You are so right. I am eagerly awaiting the hybrids of Pk x long petals to bloom out, more so than any of these other crosses. I think those will be really super. I think, that direction of Pk breeding will make a huge impact on the Phrag hybridisation world.

Lien


----------



## TADD (Mar 11, 2007)

I am excited I am possbily going to HP's at the end of the month with a few OS members...


----------



## Jason Fischer (Mar 11, 2007)

Garland,

You're scaring us with that picture! That must have been before the hot sake!

Isaias,

I think it would be a great idea for other countries to allow export of pollen. If all countries made it easy to export and import orchids in vitro and via pollen, perhaps it would help decrease the de-forestation and black market of jungle plants.


----------



## NYEric (Mar 11, 2007)

TADD said:


> I am excited I am possbily going to HP's at the end of the month with a few OS members...


Enjoy.

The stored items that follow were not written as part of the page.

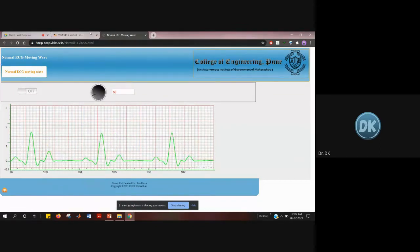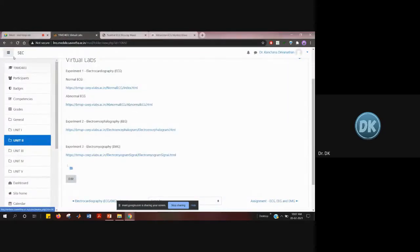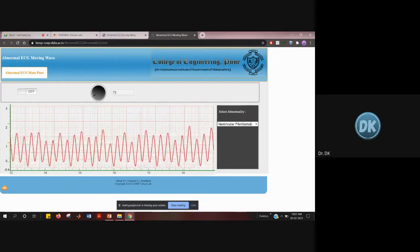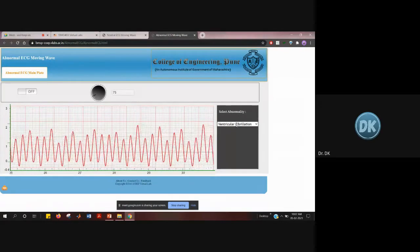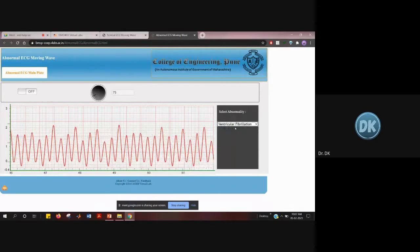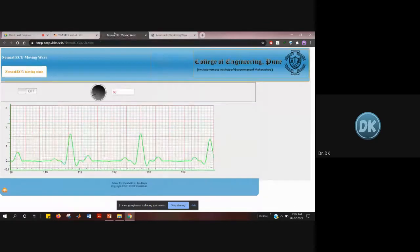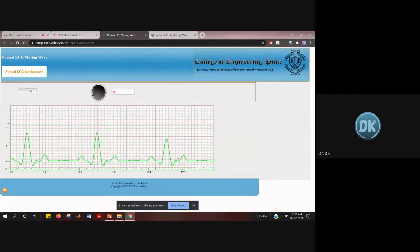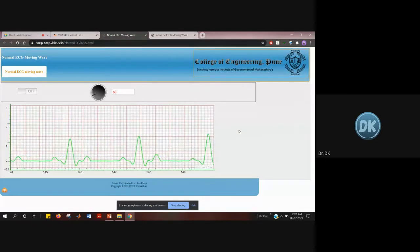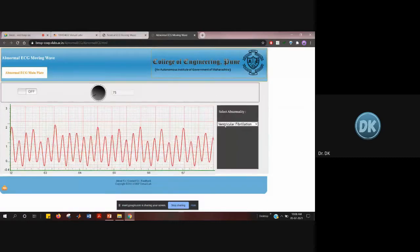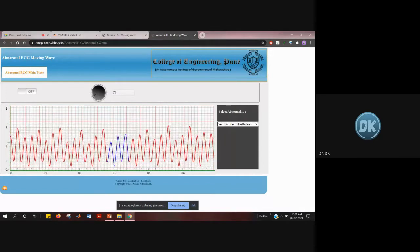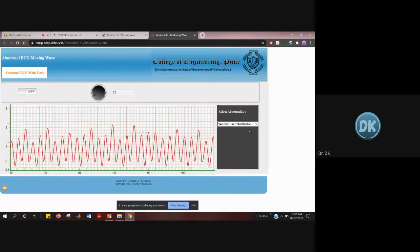This is the normal ECG waveform. Now for the second experiment, this is the abnormal ECG. If you open that link, you have different conditions on the right side under 'Select Abnormality.' The first one is ventricular fibrillation — a condition where the heart's ventricles can't pump blood normally. If the electrical impulse is not traveling inside the heart properly, you get different abnormalities. This waveform shows an abnormal heartbeat.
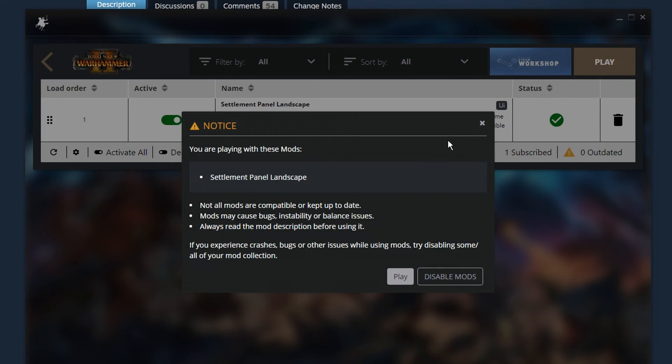You will get a prompt showing you the mods that you have enabled. Press Play again, and you're done.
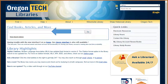To start our reservation process, we go to the Oregon Tech library homepage, www.oit.edu/libraries. In this box with the blue arrow, we would type the room that we wanted. After you type the room that you want, select Go.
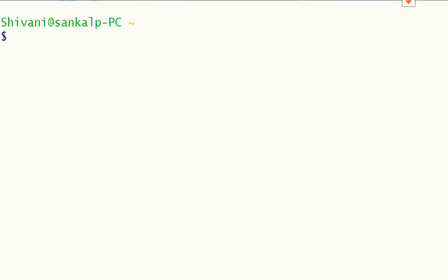Now let us understand what is a shell script. It is a series of commands written in a plain text file. It is just like a batch file in MS-DOS, but has more power.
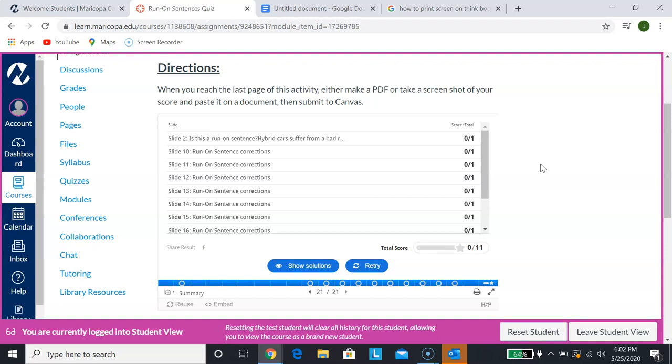You're going to do this for every one of these Excelsior college assignments. There's going to be a lot of them, especially in the first couple of weeks. Again, once you get handy with it, it'll become second nature. I don't think you guys will have any major problems.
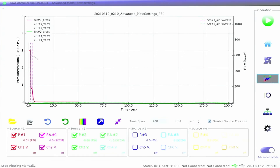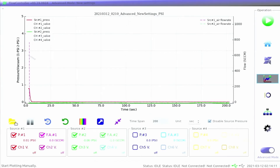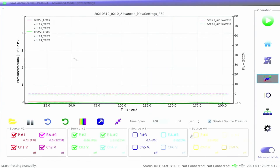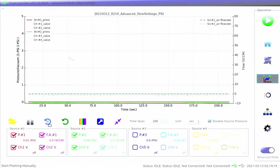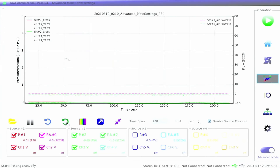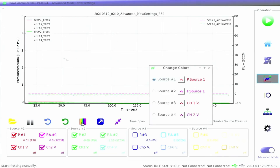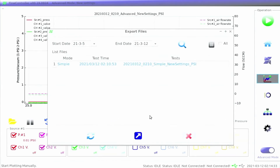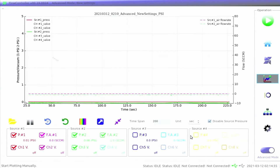Users also have the option to change the units, pause or resume the graph, import saved files, restore all data, reset and clear all data, set different line colors, export data files, and adjust the viewing window.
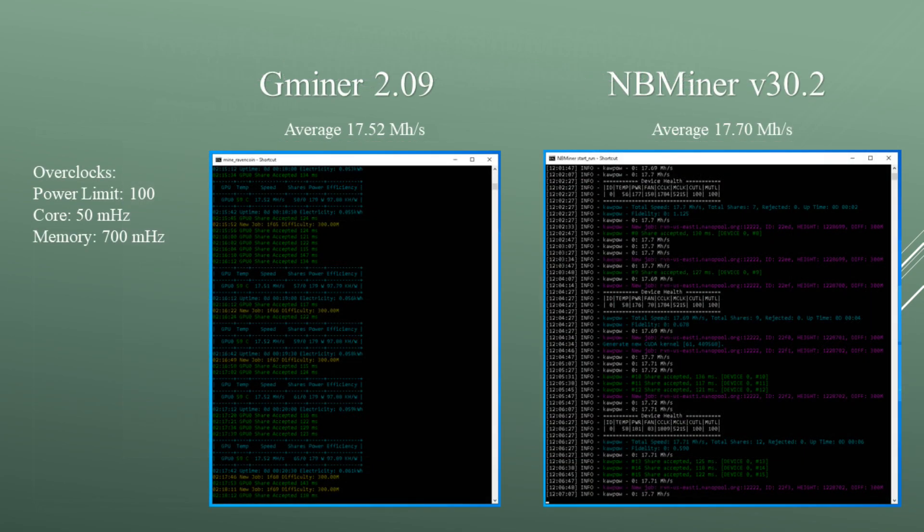Testing out another miner to compare: mining on GMiner at max overclock settings I was averaging around 17.52 megahashes. On NBMiner at max overclock settings I was averaging around 17.7 megahashes. The hashrates did fluctuate a lot more in NBMiner compared to GMiner, but it's kind of within the margin of error.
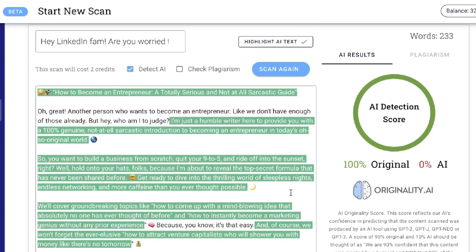With previous models, AI detection tools would pick up on AI-generated content pretty easily, and you'd have to do a lot of prompting with very comprehensive prompts to get it to write in a specific way. But right off the bat, without any prompting, we're getting 100% original content from GPT-4. GPT-4 is really good at understanding context and generating high quality content — it just allows you to skip all that prompt engineering. I'm very impressed; it is miles ahead of GPT-3.5 and I think it's going to continue to get better.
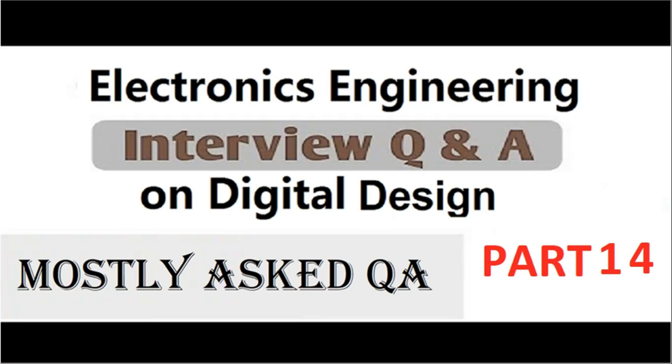Hello friends. Welcome back to our channel. This is part 14 of interview questions and answer series on digital design. This is a very short video. I am going to share only one question in this session. Now without wasting much time, let us get started.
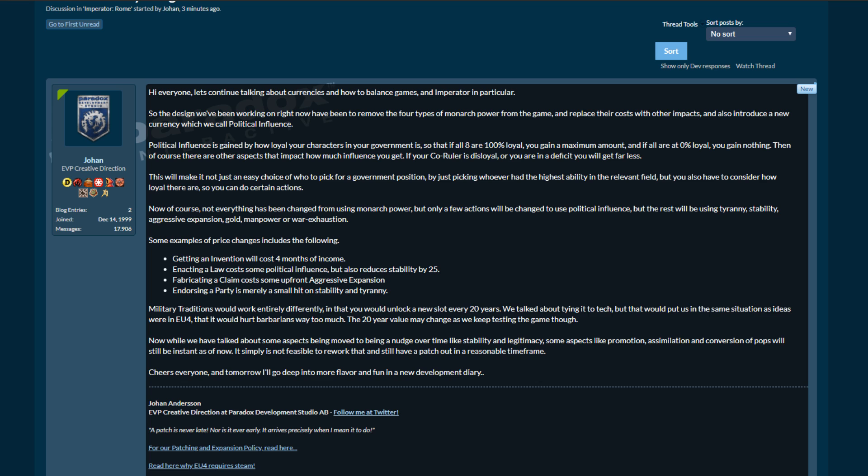Political influence is gained by how loyal your characters in your government are, so that if all eight are 100% loyal you gain maximum amount, and if all are 0% loyal you gain nothing. Of course there are other aspects that impact how much influence you get. If your co-ruler is disloyal or if you're in a deficit you'll get far less. This will make it not just an easy choice of who to pick for a government position by just picking whoever had the highest ability in the relevant field, but you also have to consider how loyal they are so you can do certain actions.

If you like Phrags [Yay besseae hybrids!] and Phals you will have a great time.


----------



## Roy (Mar 11, 2007)

Thanks Heather, should have looked before I asked. Drooling over Phrags was the problem. My excuse & I'm sticking to it.


----------



## Slipperhead (Mar 11, 2007)

The flower fell off the kov x bess today, the closing day of the show. I'm trying to find out how long it was open. The mall environment wasn't the best on any flowers.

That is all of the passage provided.